Beyond and above me I visioned the unimaginable, blinding white regions of ice and cold, about which, like a golden-crowned sentinel, with face of flame, the circling midnight sun kept guard. Upon this desolate, awe-inspiring stage—unchanged since the days of its designing—I saw myself attempting to win in the most spectacular and difficult marathon for the testing of human strength, courage and perseverance, of body and brain, which God has offered to man. I could see myself, in my fancy pictures, invading those roaring regions, struggling over icy lands in the dismal twilight of the Arctic morning, and venturing, with a few companions, upon the lifeless, wind-swept Polar sea.

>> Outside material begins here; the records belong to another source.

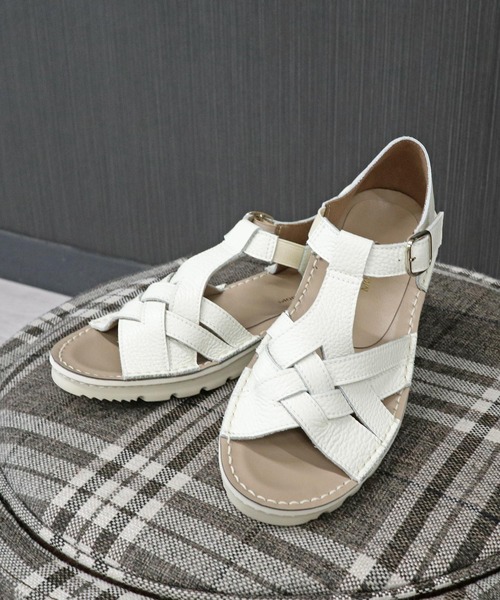 MODE KAORI（モードカオリ）の「【本革】撥水Tストラップサンダル/6135（サンダル・レディース・ブラック/グレイッシュベージュ/アイボリー/ライトブルー・22.5cm/23cm/23.5cm/24cm/24.5cm/25cm）」の12枚目の写真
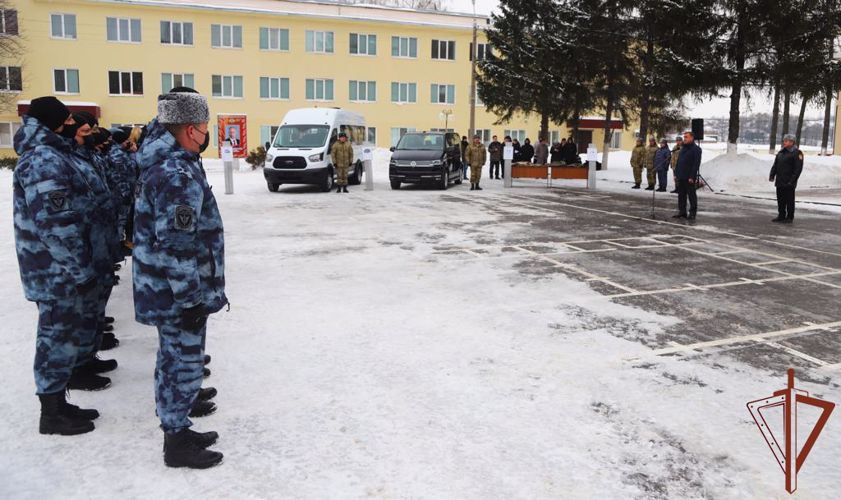 Тульские спецподразделения Росгвардии получили новый служебный автотранспорт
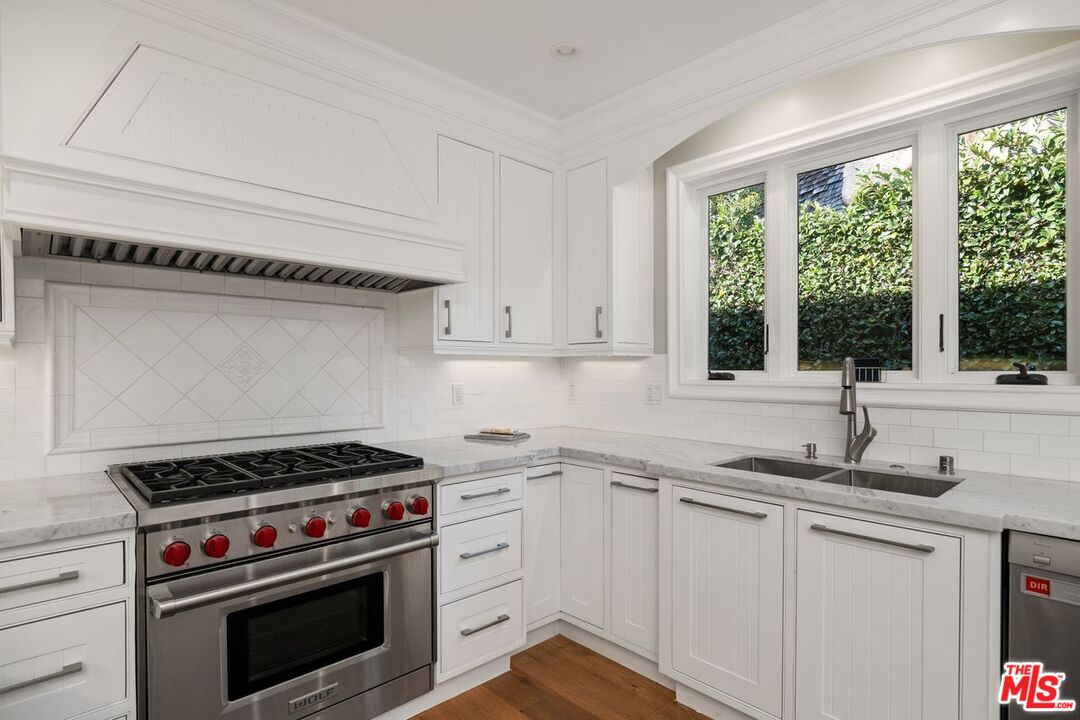 514 Walden Drive Beverly Hills, CA 90210 - Photo 25 of 59 a kitchen with granite countertop a stove and a sink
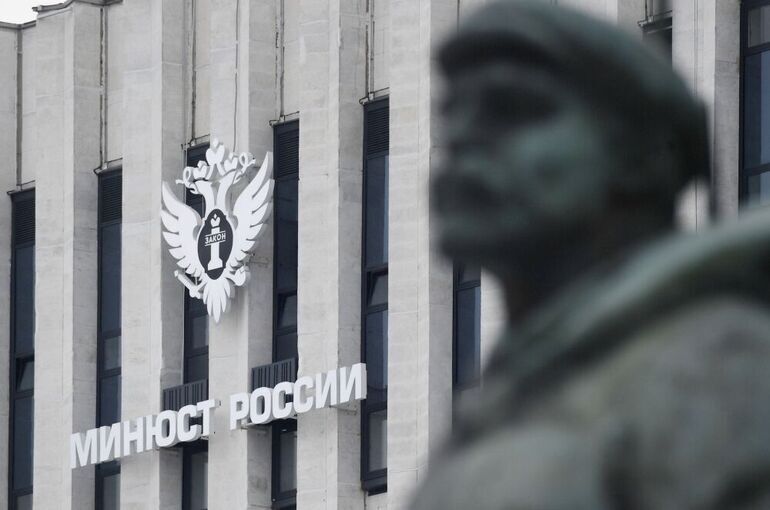 Контроль общественных объединений с участием государства хотят усилить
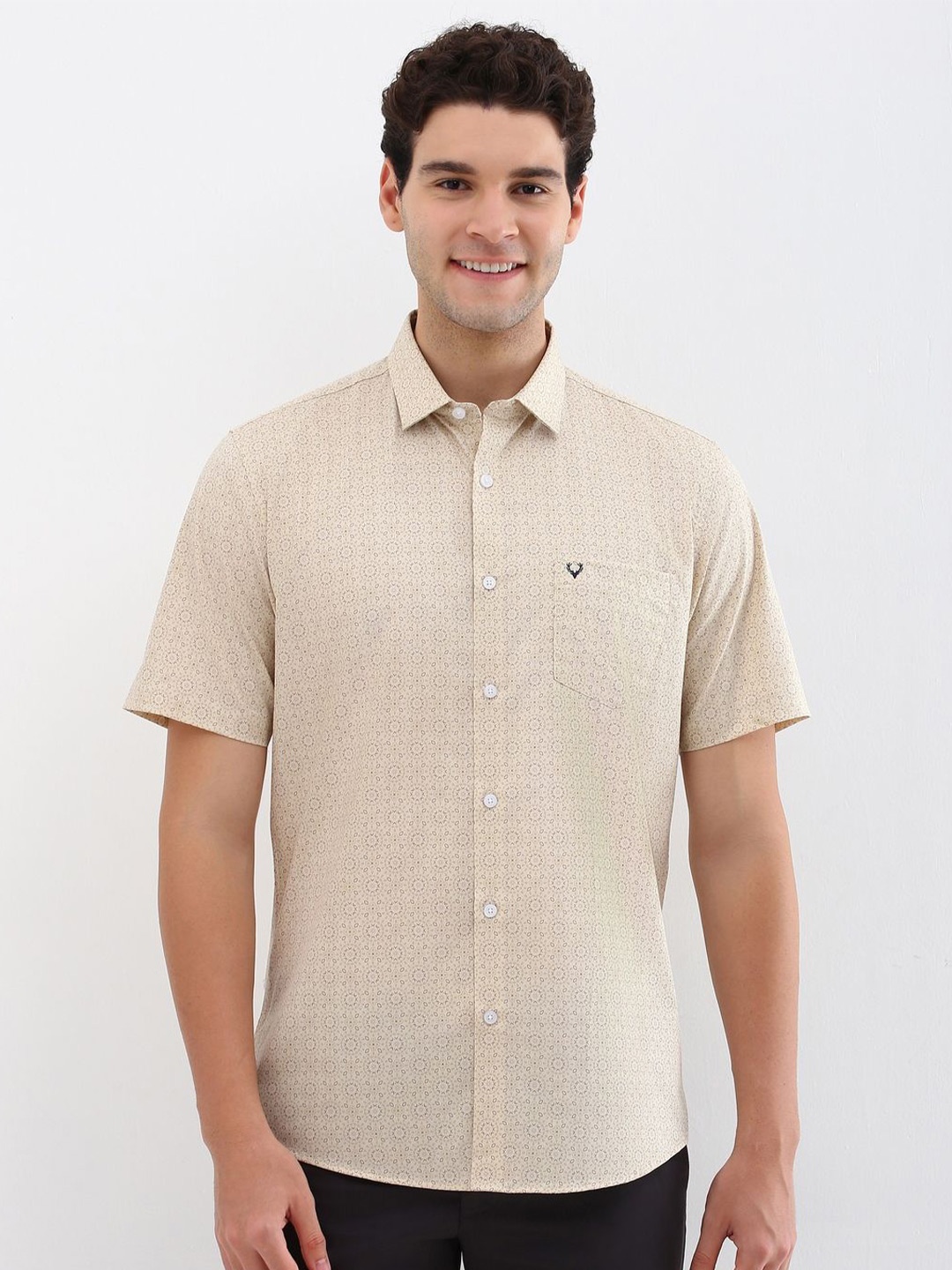 

Allen Solly Men Spread Collar Floral Printed Cotton Slim Fit Casual Shirt, Beige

A black mite, I saw myself slowly piercing those white and terrible spaces, braving terrific storms, assailing green, adamantine barriers of ice, crossing the swift-flowing, black rivers of those ice fields, and stoutly persisting until, successful, I stood alone, a victor, upon the world's pinnacle!

This thought gave me wild joy. That I, one white man, might alone succeed in this quest gave me an impetus which only single-handed effort and the prospect of single-handed success can give. There was pleasure in the thought that, in this effort, I was indebted to no one; no one had expended money for me or my trip; no white men were to risk their lives with me. Whether it resulted in success or defeat, I alone should exult or I alone should suffer. I was the mascot of no clique of friends, nor the pawn of scientists who might find a suppositious and mythical glory in the reflected light of another's achievement. The quest was personal; the pleasure of success must be personal.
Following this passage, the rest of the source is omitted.